INSTRUCTIONS TO FOLLOW
Work through the listing below and give again exactly the lines from the one with "Apartamento Con Piscina" to the one with "Τ-shirt με γραφικά", both ends included. All other lines and all pictures stay out.

RECORD EXCERPTS

_ _ _ _ _

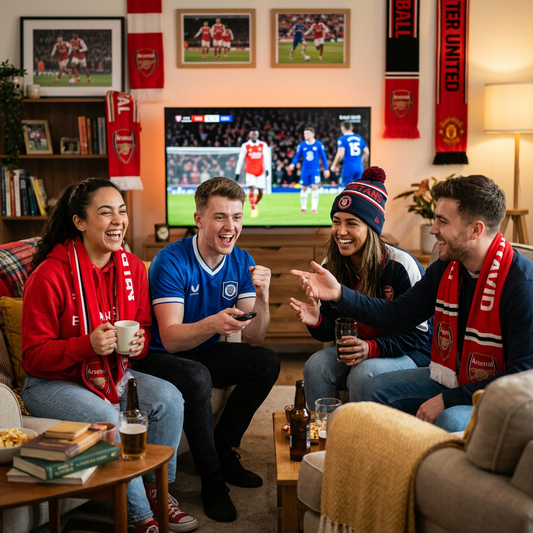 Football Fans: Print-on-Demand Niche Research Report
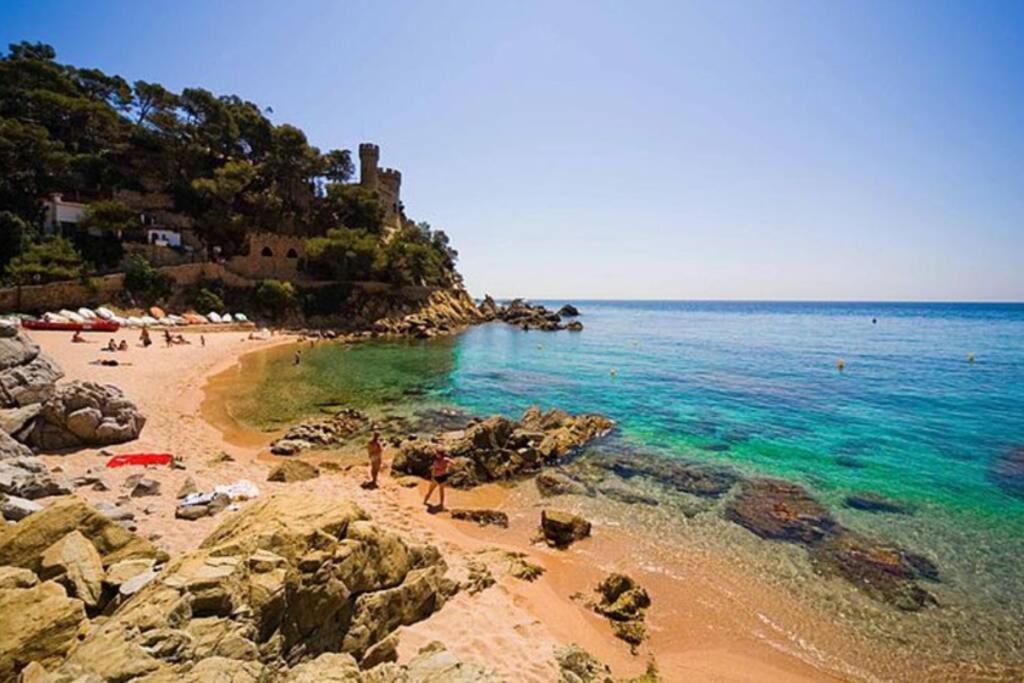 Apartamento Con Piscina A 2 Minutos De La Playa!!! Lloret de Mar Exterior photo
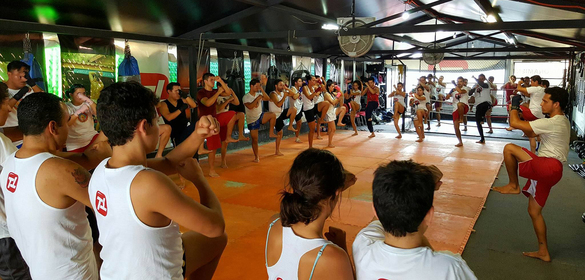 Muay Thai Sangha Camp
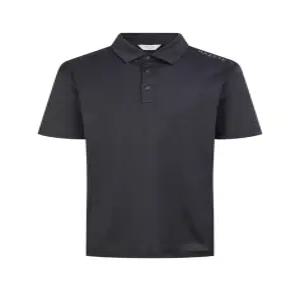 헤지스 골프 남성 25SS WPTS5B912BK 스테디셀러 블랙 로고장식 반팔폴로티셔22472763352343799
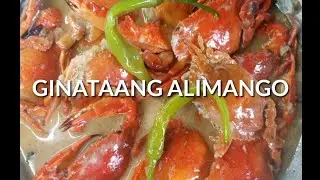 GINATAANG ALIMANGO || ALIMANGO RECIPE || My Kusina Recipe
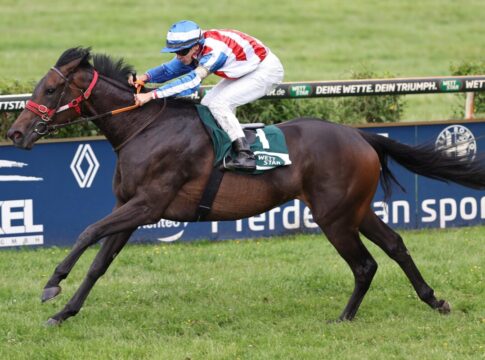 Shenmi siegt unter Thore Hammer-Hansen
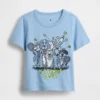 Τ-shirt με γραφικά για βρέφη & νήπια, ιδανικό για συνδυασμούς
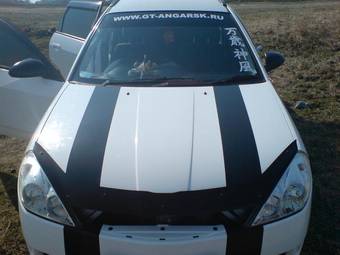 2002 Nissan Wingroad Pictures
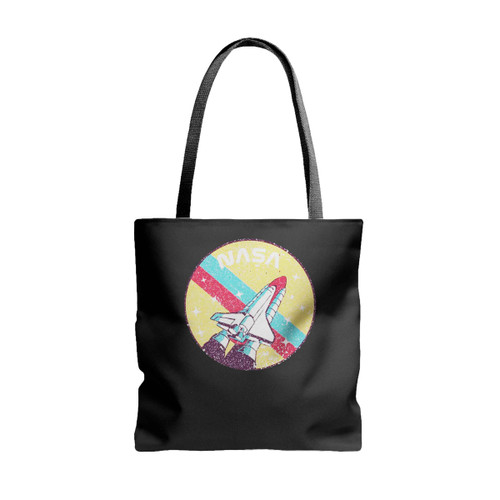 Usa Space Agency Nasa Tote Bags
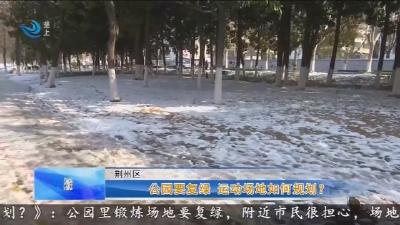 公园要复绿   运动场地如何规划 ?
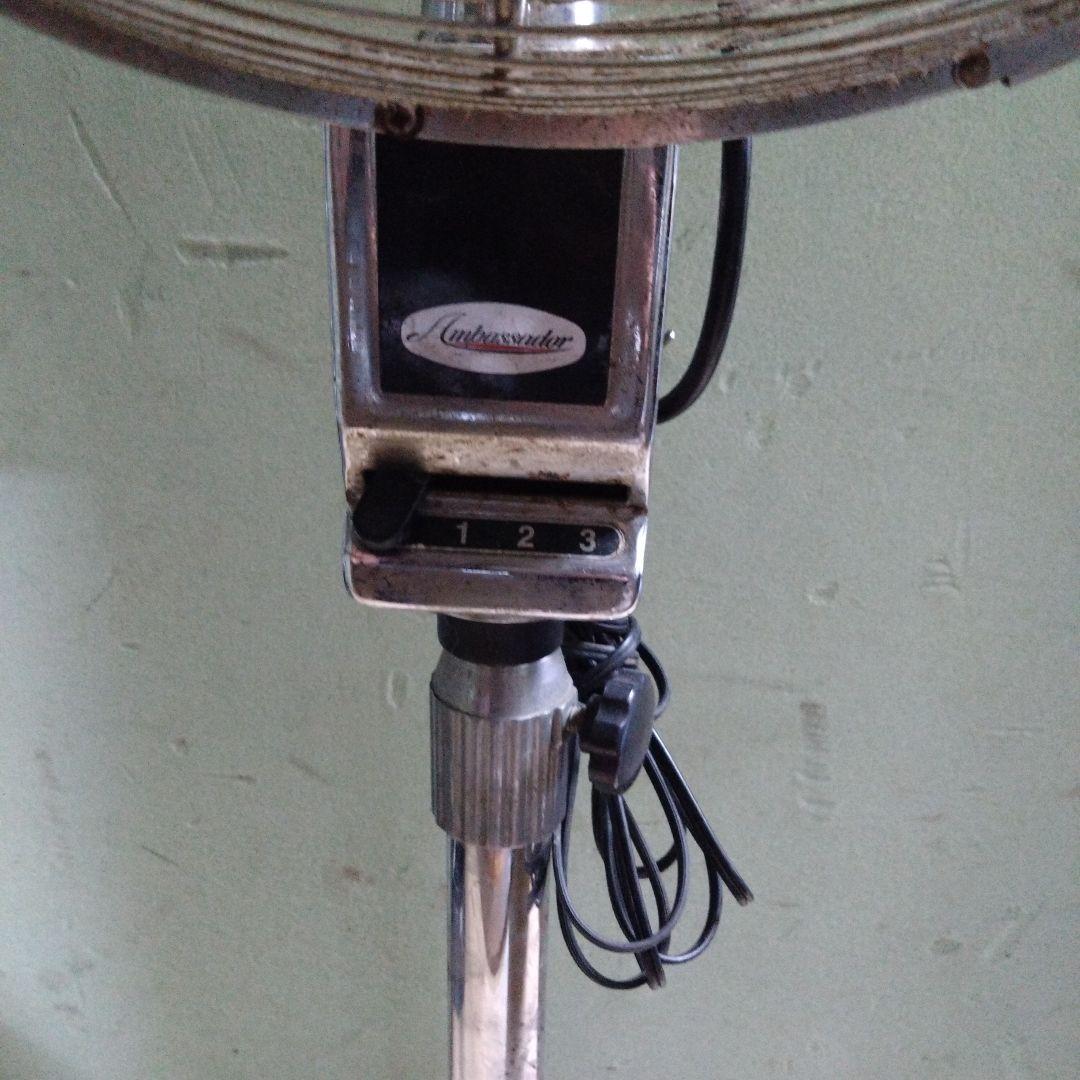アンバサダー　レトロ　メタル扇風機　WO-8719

_ _ _ _ _

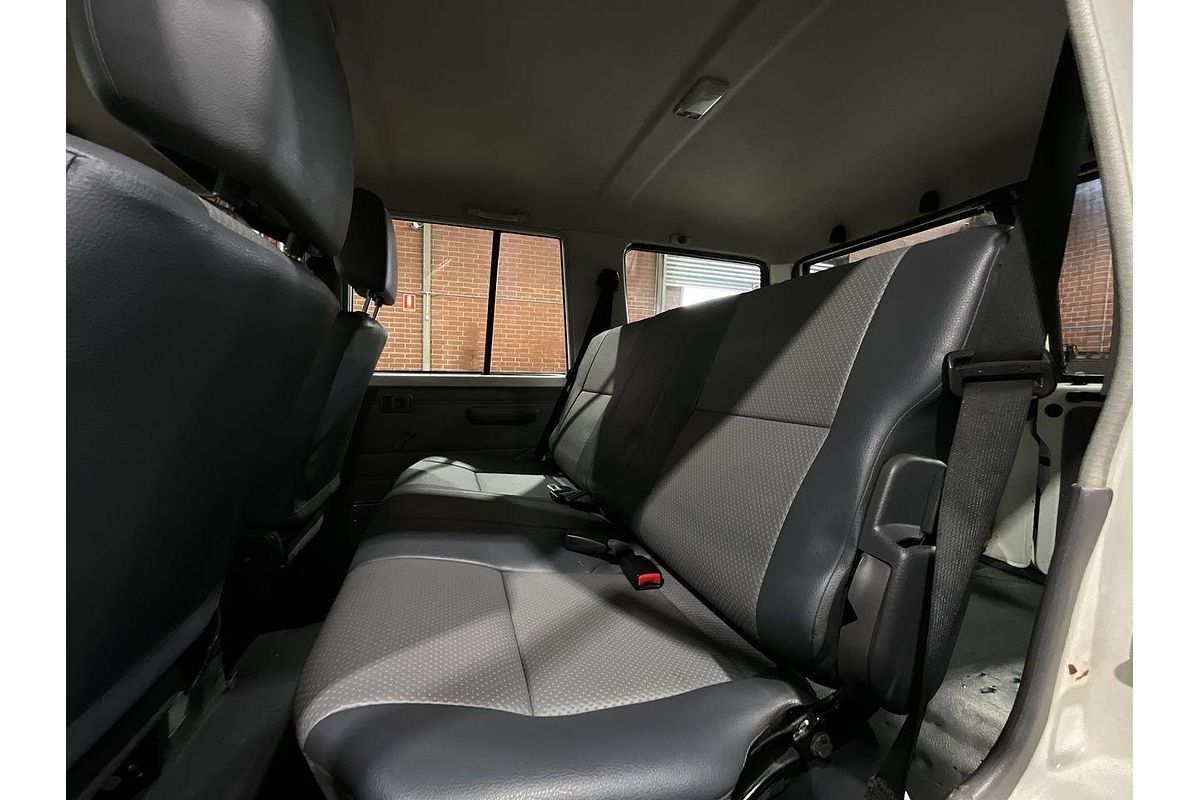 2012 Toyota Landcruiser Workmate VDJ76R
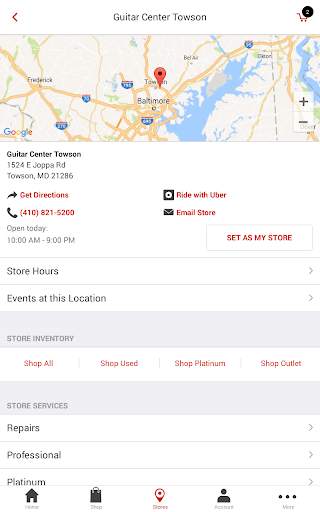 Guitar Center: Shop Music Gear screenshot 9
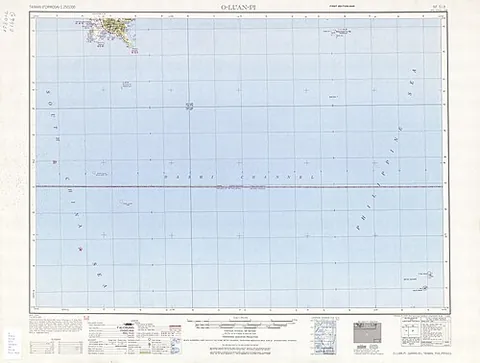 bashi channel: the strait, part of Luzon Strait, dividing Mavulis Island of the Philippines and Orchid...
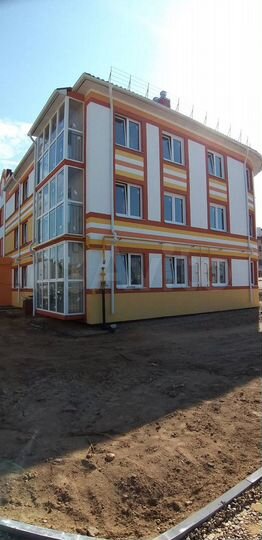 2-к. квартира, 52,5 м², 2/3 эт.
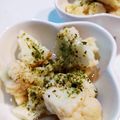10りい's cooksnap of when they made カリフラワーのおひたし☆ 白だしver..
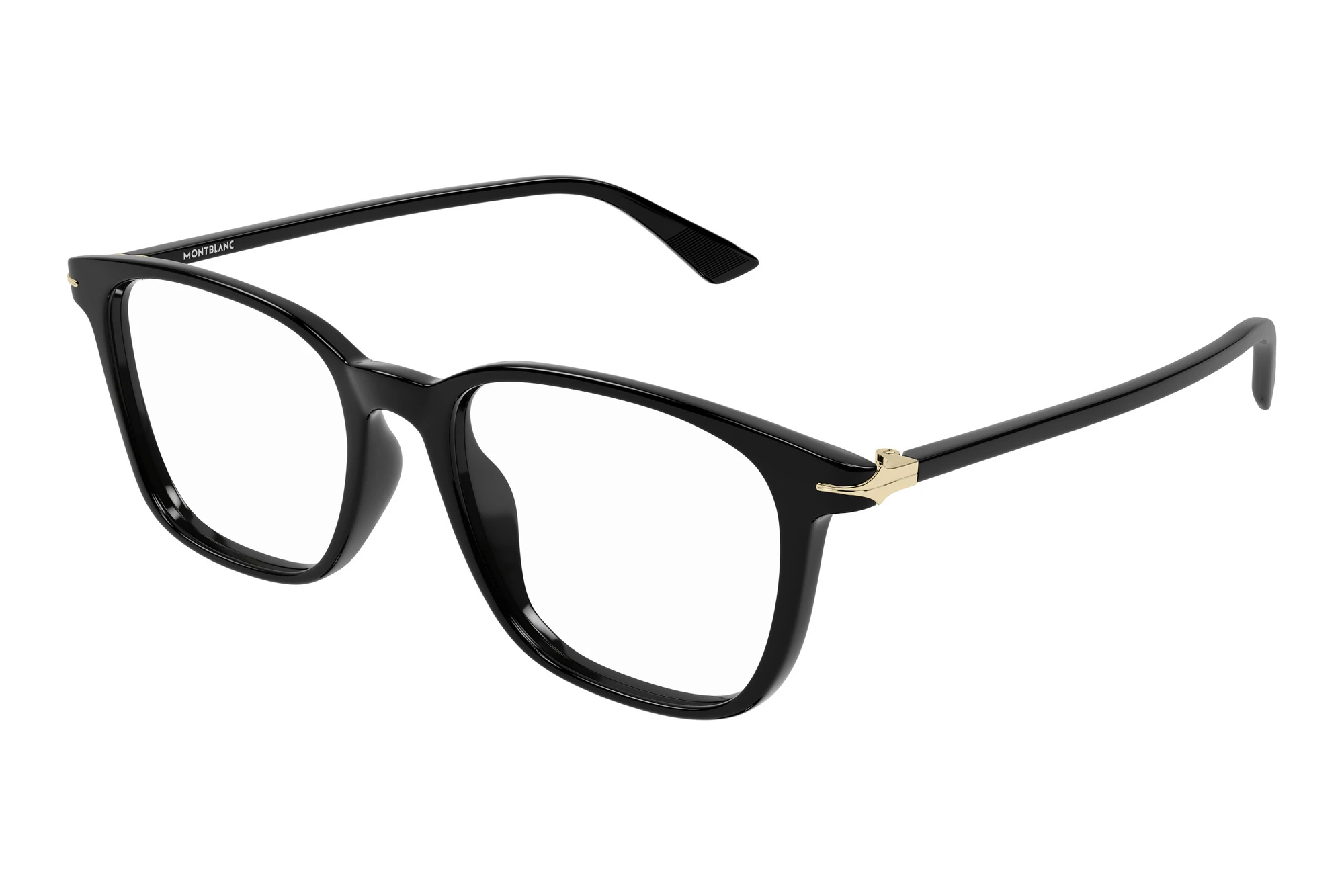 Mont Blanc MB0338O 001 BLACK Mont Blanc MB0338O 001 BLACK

_ _ _ _ _

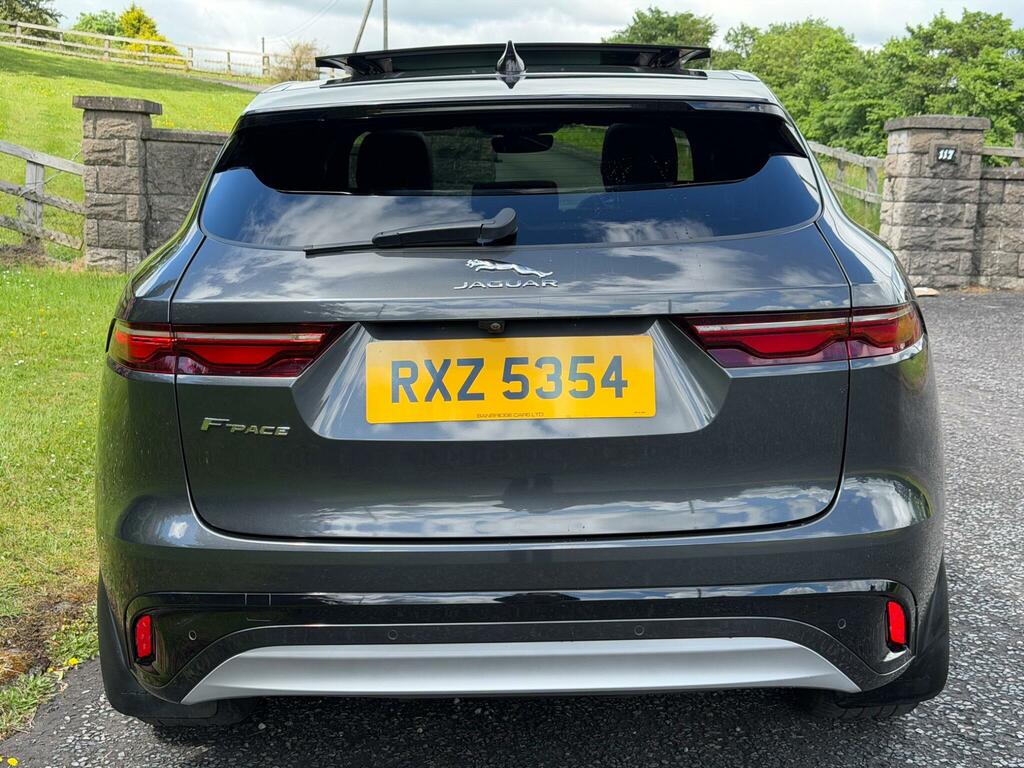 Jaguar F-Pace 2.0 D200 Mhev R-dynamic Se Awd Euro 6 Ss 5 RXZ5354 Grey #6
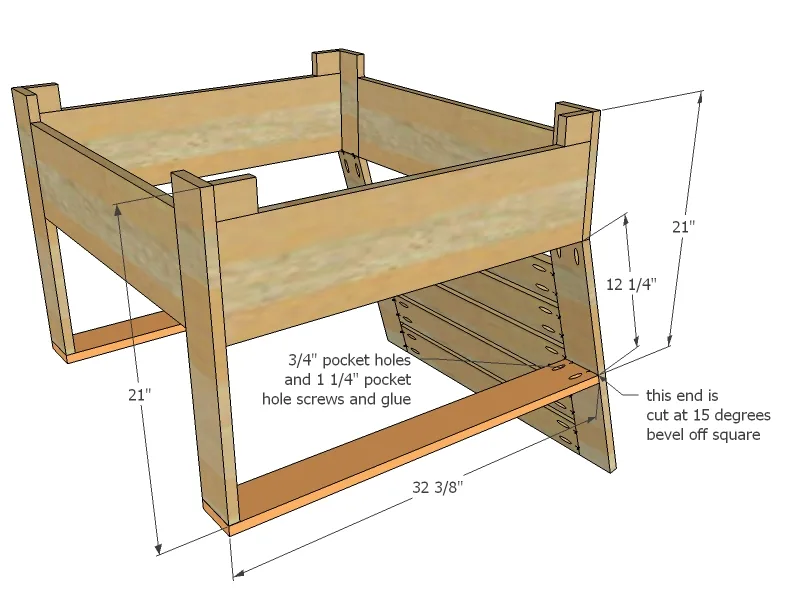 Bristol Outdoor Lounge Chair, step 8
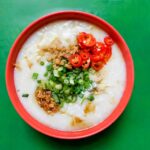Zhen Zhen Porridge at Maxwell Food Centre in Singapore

_ _ _ _ _

RESPONSE AREA
 Apartamento Con Piscina A 2 Minutos De La Playa!!! Lloret de Mar Exterior photo
 Muay Thai Sangha Camp
 헤지스 골프 남성 25SS WPTS5B912BK 스테디셀러 블랙 로고장식 반팔폴로티셔22472763352343799
 GINATAANG ALIMANGO || ALIMANGO RECIPE || My Kusina Recipe
 Shenmi siegt unter Thore Hammer-Hansen
 Τ-shirt με γραφικά για βρέφη & νήπια, ιδανικό για συνδυασμούς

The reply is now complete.